Sunday, January 3, 2010
Book Review: Ezra
Ezra from the Holy Scriptures was written by possibly Ezra, but not really known who the exact author was. It seems to be that the person who wrote Ezra also wrote Nehemiah. This book of the Bible is inspired by God and written by holy men of old. It was written during the time period of 430-400 B.C. Unrest was going on and the Jews had been exported from their land due to disobedience. Now, the Jews who had been exiled had returned to their land and God is showing us that He has a remnant (a people chosen for His name)and that He is continuing His sovereign work of redemption and reestablishing true worship among His people. This book shows us God's compassion for His chosen people and his judgement for those who are disobedient. The book starts out with King Cyrus, king of Persia, making a proclamation throughout all his kingdom and putting it into writing that the temple of the Lord is to be rebuilt and all who are able are to help. We see the foundation laid, the exiles return, the alter rebuilt (and offerings made to the Lord and feast days kept. Next we see adversaries come and scare away the people. This is during the second year and the rebuilding stops. It seems at this point like all hope is lost! Later, King Artaxerxes, takes the throne in Persia. A letter is written to him concerning this matter and he orders the rebuilding of the temple to stop. It does not start again until the second year of the reign of King Darius of Persia. He orders that the temple rebuilding start and not be hindered.
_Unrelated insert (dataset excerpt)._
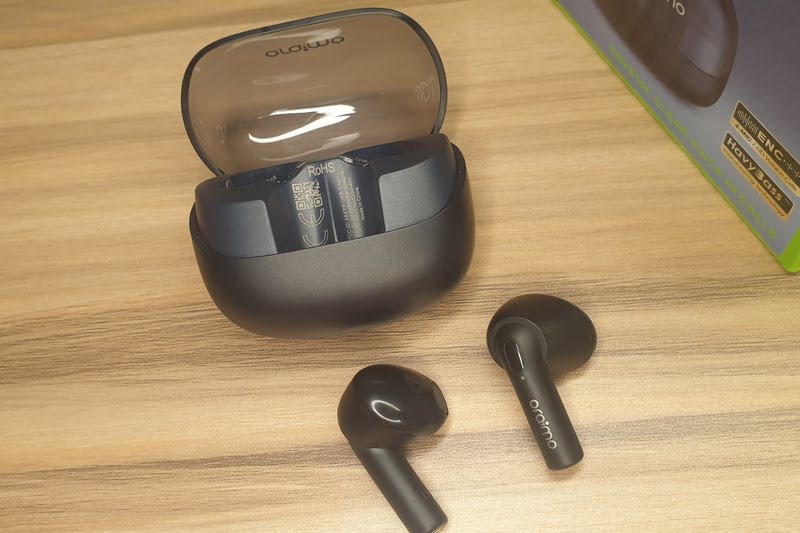 Oraimo Riff 2 earbuds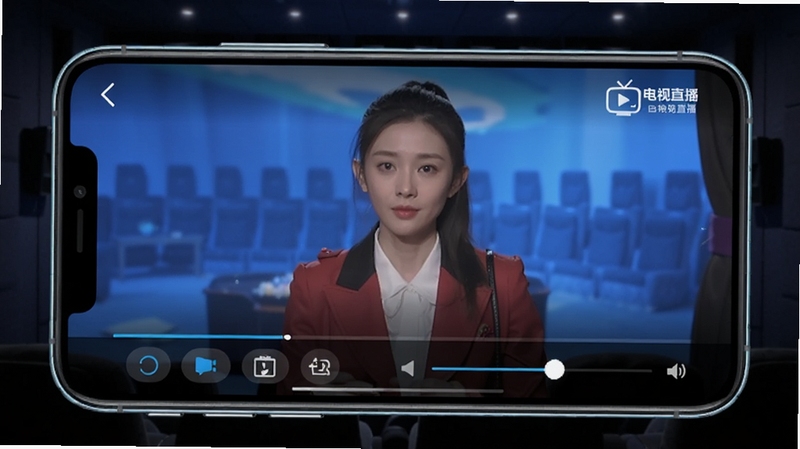 手机电视直播播放界面截图,画面显示手机横屏播放电视节目,屏幕下方有频道切换按钮和音量调节条,背景为深色影院风格,突出高清流畅的观看体验,画面角落有手机电视直播的logo水印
The temple is rebuilt and the passover is celebrated. Money is given and offerings are made before the Lord as Ezra teaches the people and appoints counselors and leaders in certain places. All is going well until, someone comes to Ezra and tells him that the priests and Levites have fallen into sin and taken foreign wives. He grieves bitterly, fasts, and prays to the Lord concerning this matter. It is then decided that all people should gather together while Ezra addresses the issue. The people confess their sins and agree to divorce the women. The book ends on a rather sad note listing all those who had married foreign women and some had children. We ask the question, "Now where is God? Is He working?" The answer is,"Yes!!!" He must first bring about true repentance and there still remains a people devoted to His name.